さて。頼朝はあれだけ不吉なことをしないように用心していたのに梶原景時(中村獅童)に「頼家を頼むぞ」と頼む。さらに政子と義時にも頼家のことを頼む。“人に先を託すこと”をしてしまっていることになぜか躊躇がない。頼朝は「人の命は定められたもの。あらがってどうする。甘んじて受け入れようではないか。受け入れたうえで好きに生きる。神仏にすがっておびえて過ごすのは時の無駄じゃ」とすっかり澄んだ心地で義時に語るのだ。

大事なことをいつも義時にだけ打ち明けてきた頼朝。長らく付き従ってきた藤九郎こと安達盛長(野添義弘)と2人だけで御所に帰る。修羅の道を歩んできた頼朝が最後に義時と藤九郎にだけ素顔を見せる。そして不意に落馬してしまう。史実によれば落馬したのは暮れで亡くなったのは年が明けてからだ。

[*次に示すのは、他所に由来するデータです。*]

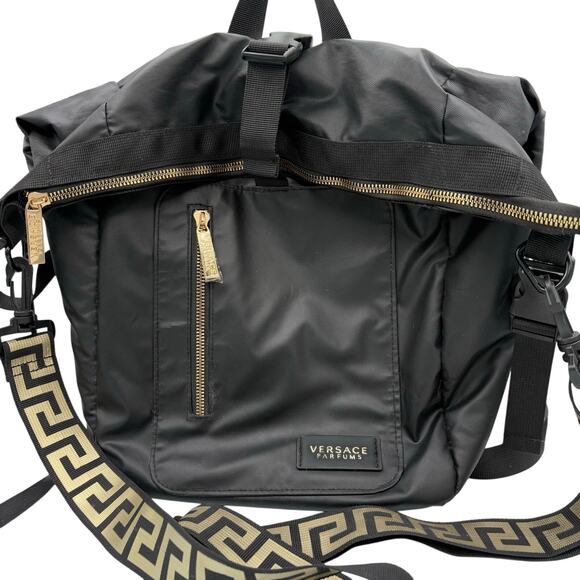 Versace Parfum Rider Backpack - Picture 2 of 7
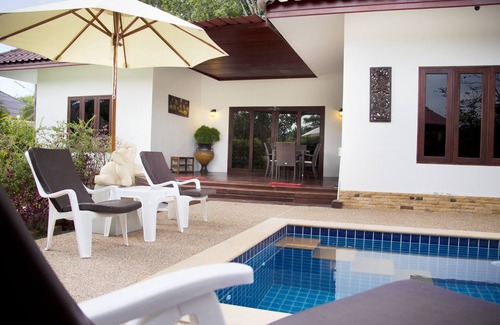 Krabi Villa | Two-Bedroom Private Pool Villa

この回、SNSで考察が盛り上がったのは鈴の音。鈴の音が聞こえた者と聞こえない者の違いは何かということだった。鈴が鳴ったのは冒頭、幽体離脱したとき、ほおずきを片付けているとき、八田知家(市原隼人)の工事現場と落馬するとき。頼朝以外に鈴の音が聞こえたのは、政子、畠山重忠、頼家、和田義盛、三浦義村(山本耕史)、大江広元(栗原英雄)、梶原景時、比企能員、りく。頼朝亡き後、今後のプレイヤーになっていく人物たちにゲームの開始を告げる鈴の音であろうか。野田秀樹の戯曲『パンドラの鐘』に鈴は金へんに「令」、命令する音だというようなセリフがある。戦や殺戮の神様が戦う命令の鈴を鳴らしていると考えるとゾクゾクする。粛々と神に祈る義時には鈴の音は鳴らない。最も誠実に見える義時が鈴を鳴らしていると想像したらちょっと怖い。